- [Task statement] Look for the line containing "JarThenaAMCS 24Pcs Pink" and the line containing "White Druzy Amazonite" in the entries below. Copy those two and all lines between them exactly, leaving out pictures.

- [Material supplied]
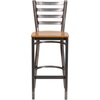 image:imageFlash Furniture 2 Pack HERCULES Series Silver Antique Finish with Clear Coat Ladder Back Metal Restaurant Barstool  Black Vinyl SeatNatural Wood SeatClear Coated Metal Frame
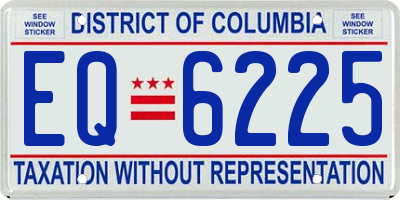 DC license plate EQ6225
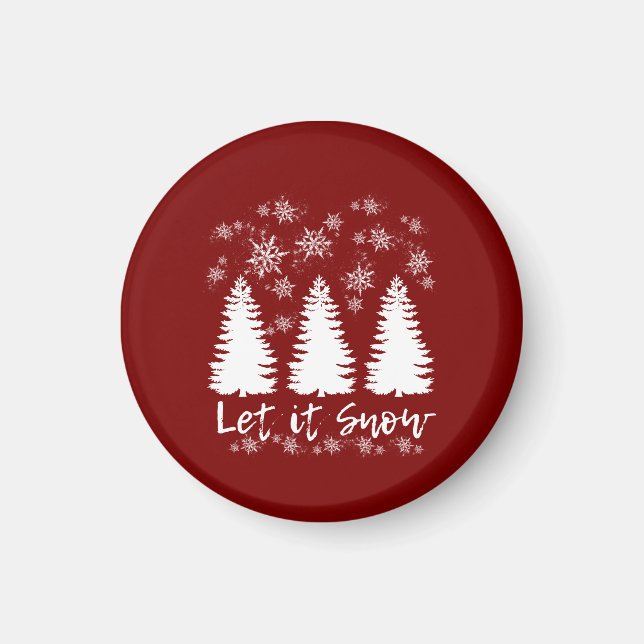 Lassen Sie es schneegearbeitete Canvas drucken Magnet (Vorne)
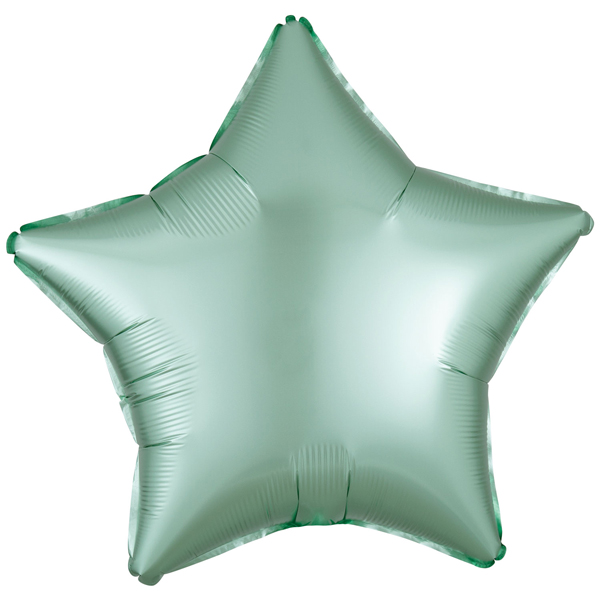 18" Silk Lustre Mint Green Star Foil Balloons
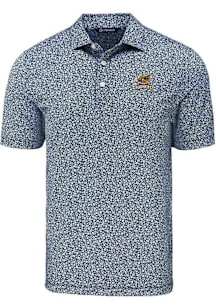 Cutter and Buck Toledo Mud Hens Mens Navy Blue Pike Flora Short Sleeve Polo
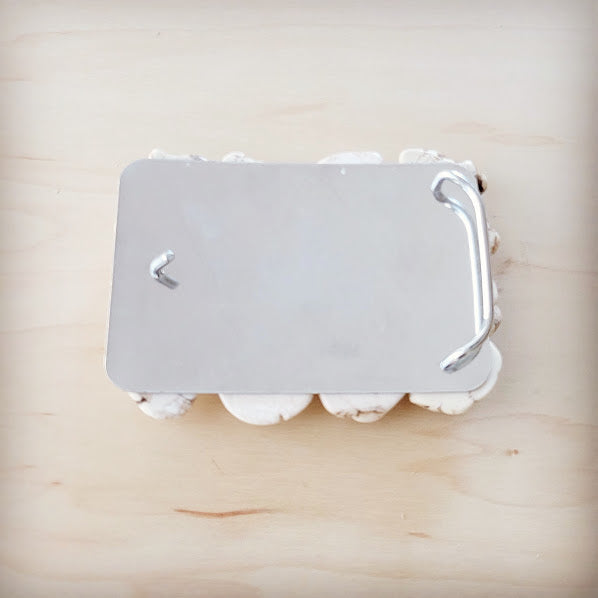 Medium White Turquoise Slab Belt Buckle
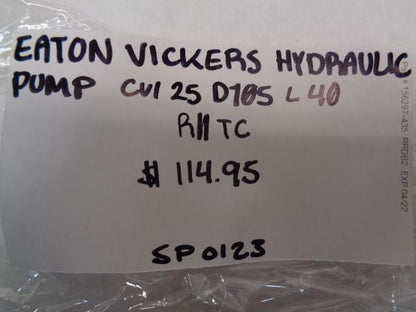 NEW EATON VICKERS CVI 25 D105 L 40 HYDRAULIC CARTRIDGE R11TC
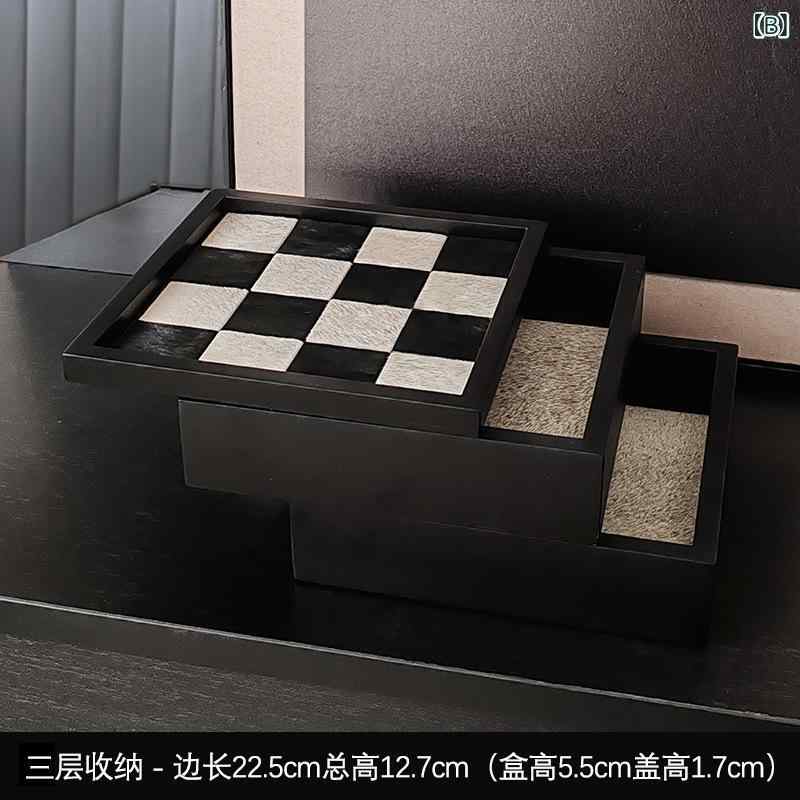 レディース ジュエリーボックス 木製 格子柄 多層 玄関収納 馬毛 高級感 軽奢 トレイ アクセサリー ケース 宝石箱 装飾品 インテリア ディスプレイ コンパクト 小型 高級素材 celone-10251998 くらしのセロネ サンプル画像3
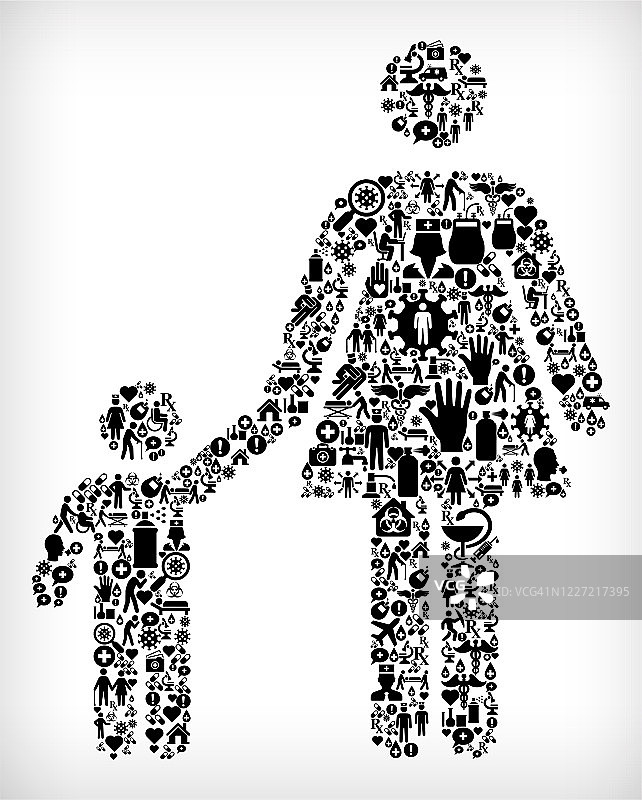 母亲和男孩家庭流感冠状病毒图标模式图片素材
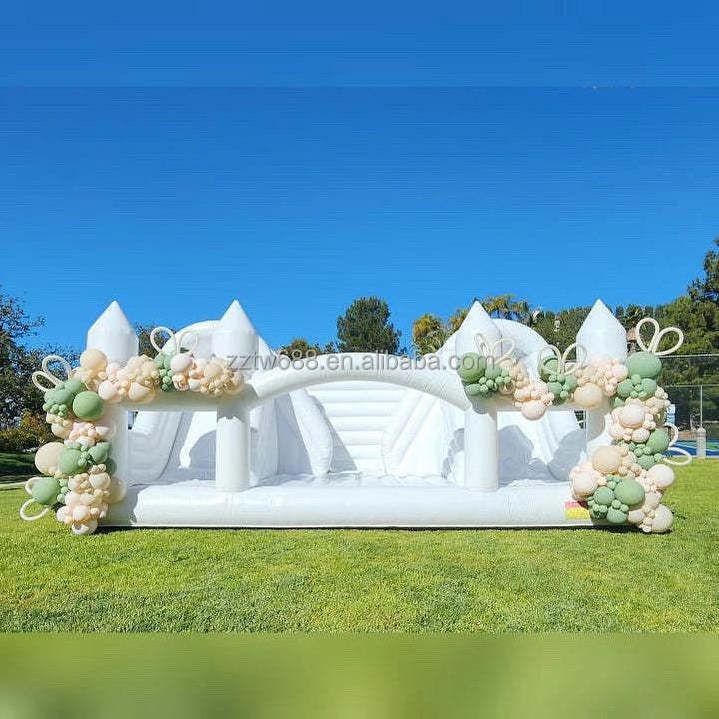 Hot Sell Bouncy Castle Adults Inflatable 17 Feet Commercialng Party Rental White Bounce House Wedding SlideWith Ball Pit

* * *

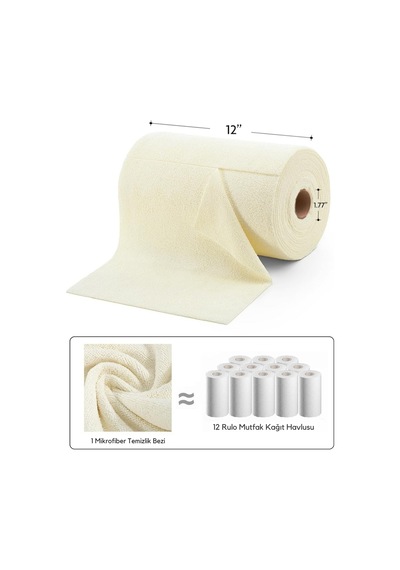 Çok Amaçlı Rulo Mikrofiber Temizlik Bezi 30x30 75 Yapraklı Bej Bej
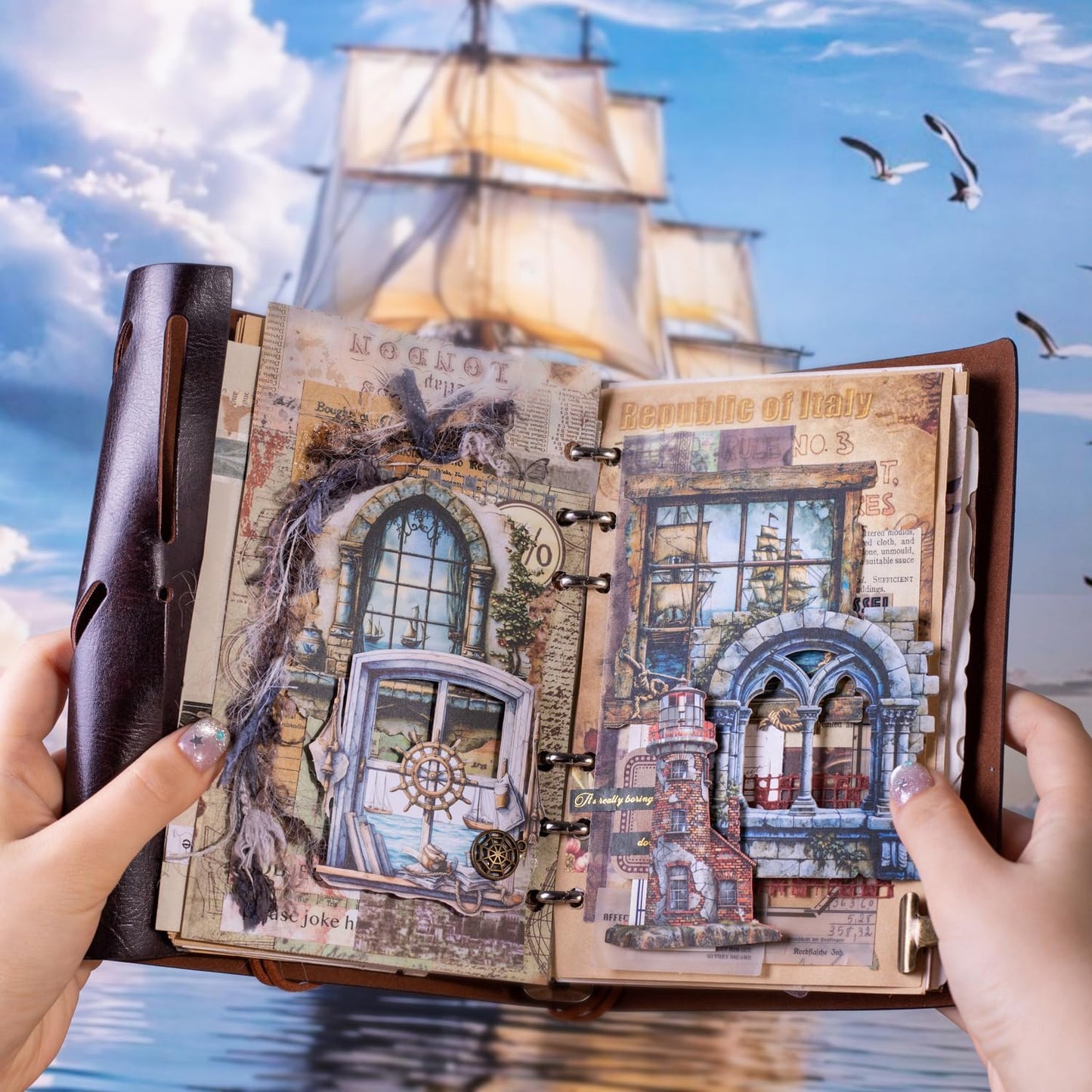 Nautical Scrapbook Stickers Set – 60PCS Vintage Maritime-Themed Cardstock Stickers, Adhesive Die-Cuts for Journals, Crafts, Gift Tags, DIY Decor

--

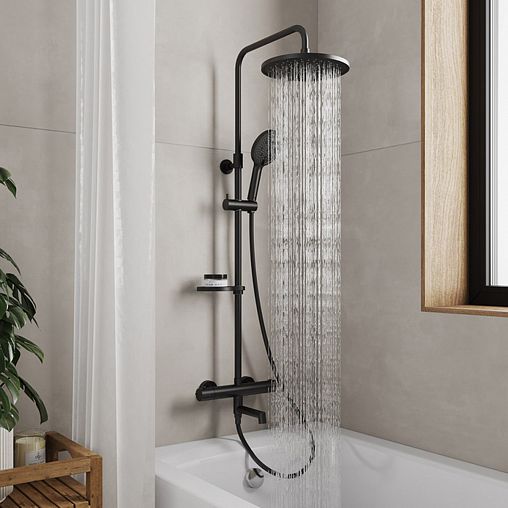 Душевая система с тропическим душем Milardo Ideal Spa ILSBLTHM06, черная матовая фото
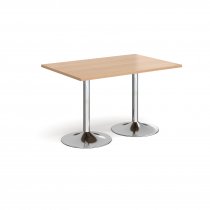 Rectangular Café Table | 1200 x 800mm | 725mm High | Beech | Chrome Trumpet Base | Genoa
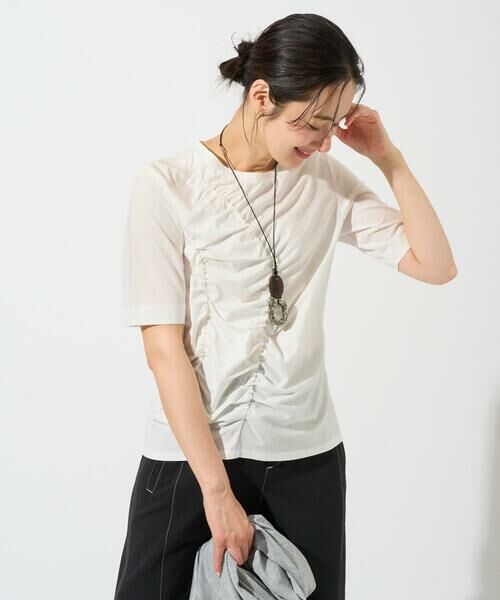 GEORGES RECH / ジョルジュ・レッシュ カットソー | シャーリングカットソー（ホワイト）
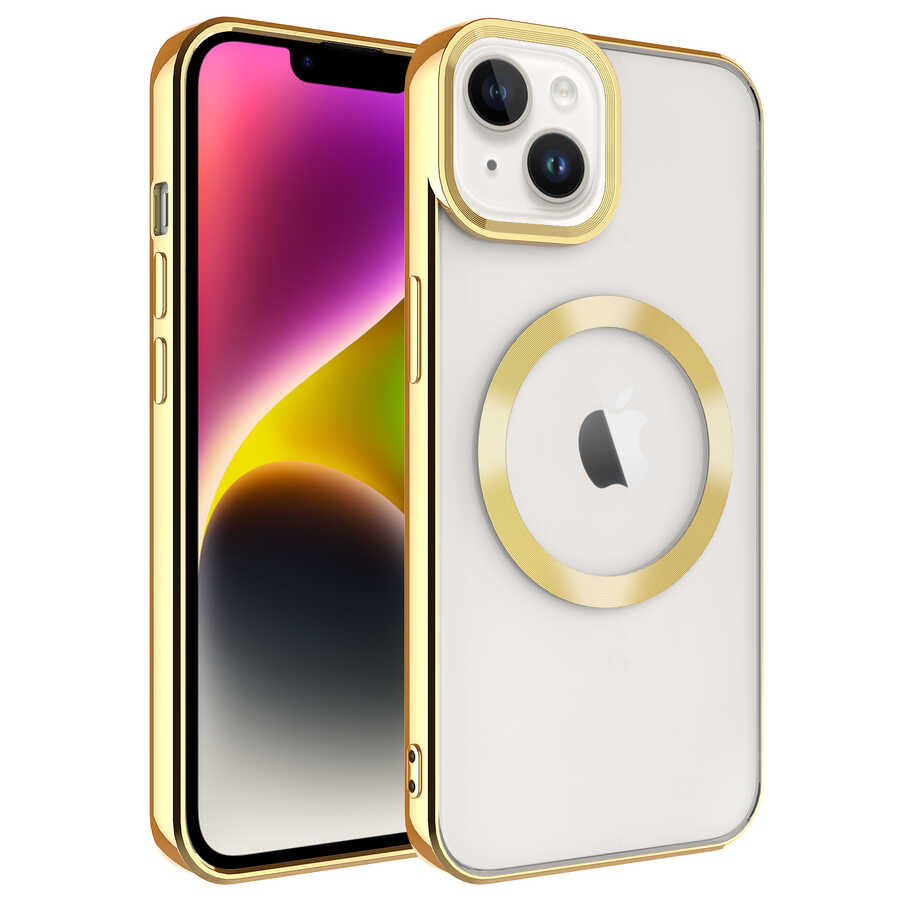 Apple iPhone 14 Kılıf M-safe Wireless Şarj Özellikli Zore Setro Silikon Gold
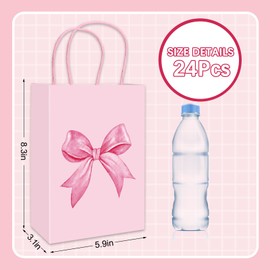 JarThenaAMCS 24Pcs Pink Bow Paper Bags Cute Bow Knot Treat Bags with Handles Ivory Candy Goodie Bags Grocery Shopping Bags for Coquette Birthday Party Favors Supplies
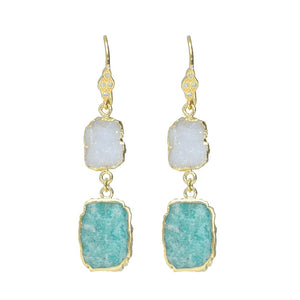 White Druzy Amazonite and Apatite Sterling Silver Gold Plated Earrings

- [Response below]
 JarThenaAMCS 24Pcs Pink Bow Paper Bags Cute Bow Knot Treat Bags with Handles Ivory Candy Goodie Bags Grocery Shopping Bags for Coquette Birthday Party Favors Supplies
 White Druzy Amazonite and Apatite Sterling Silver Gold Plated Earrings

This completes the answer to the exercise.